[[ Given information, beginning ]]

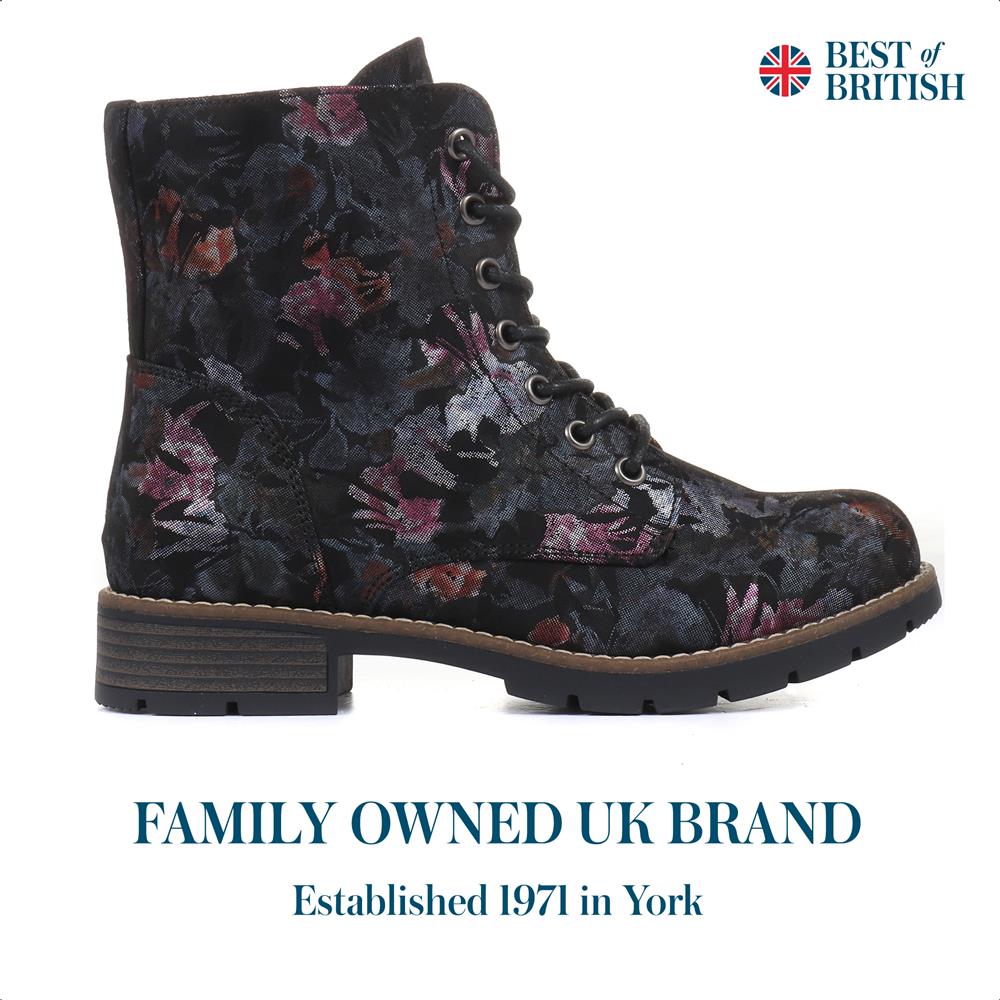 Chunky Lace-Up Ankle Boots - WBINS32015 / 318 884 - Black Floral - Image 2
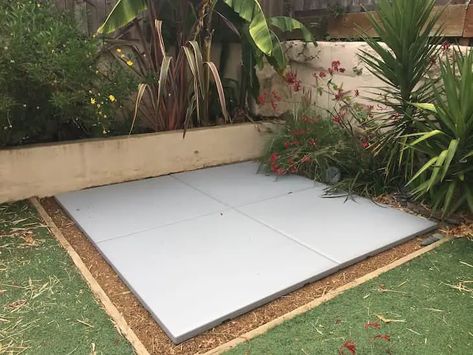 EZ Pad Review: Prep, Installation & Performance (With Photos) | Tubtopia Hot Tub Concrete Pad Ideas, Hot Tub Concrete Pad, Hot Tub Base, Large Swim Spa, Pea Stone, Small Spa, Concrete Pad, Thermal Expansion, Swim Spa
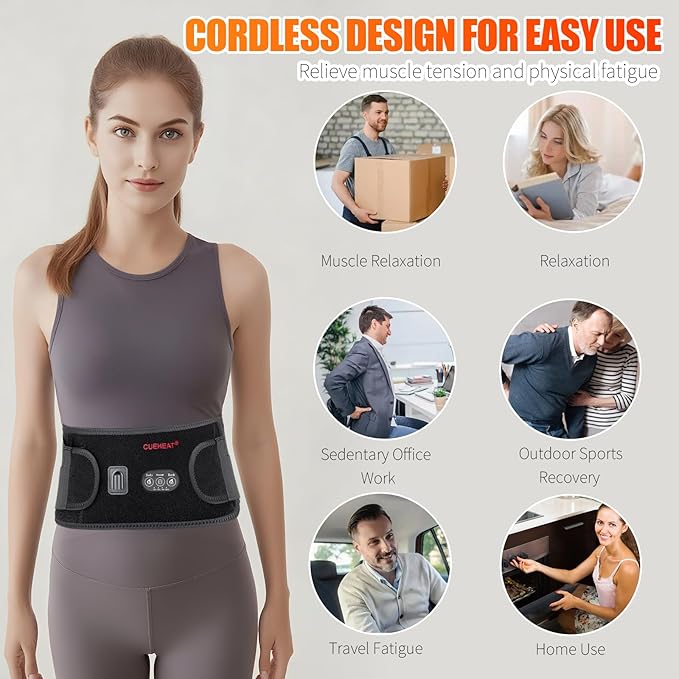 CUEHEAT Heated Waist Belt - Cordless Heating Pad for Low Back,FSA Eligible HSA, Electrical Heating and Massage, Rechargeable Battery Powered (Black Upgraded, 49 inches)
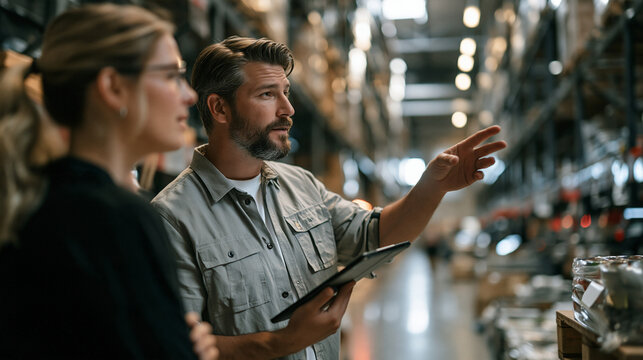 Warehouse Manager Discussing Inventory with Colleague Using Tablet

[[ Given information, end ]]

Task item. Retype the listing verbatim, minus every image.

Result below.
 Chunky Lace-Up Ankle Boots - WBINS32015 / 318 884 - Black Floral - Image 2
 EZ Pad Review: Prep, Installation & Performance (With Photos) | Tubtopia Hot Tub Concrete Pad Ideas, Hot Tub Concrete Pad, Hot Tub Base, Large Swim Spa, Pea Stone, Small Spa, Concrete Pad, Thermal Expansion, Swim Spa
 CUEHEAT Heated Waist Belt - Cordless Heating Pad for Low Back,FSA Eligible HSA, Electrical Heating and Massage, Rechargeable Battery Powered (Black Upgraded, 49 inches)
 Warehouse Manager Discussing Inventory with Colleague Using Tablet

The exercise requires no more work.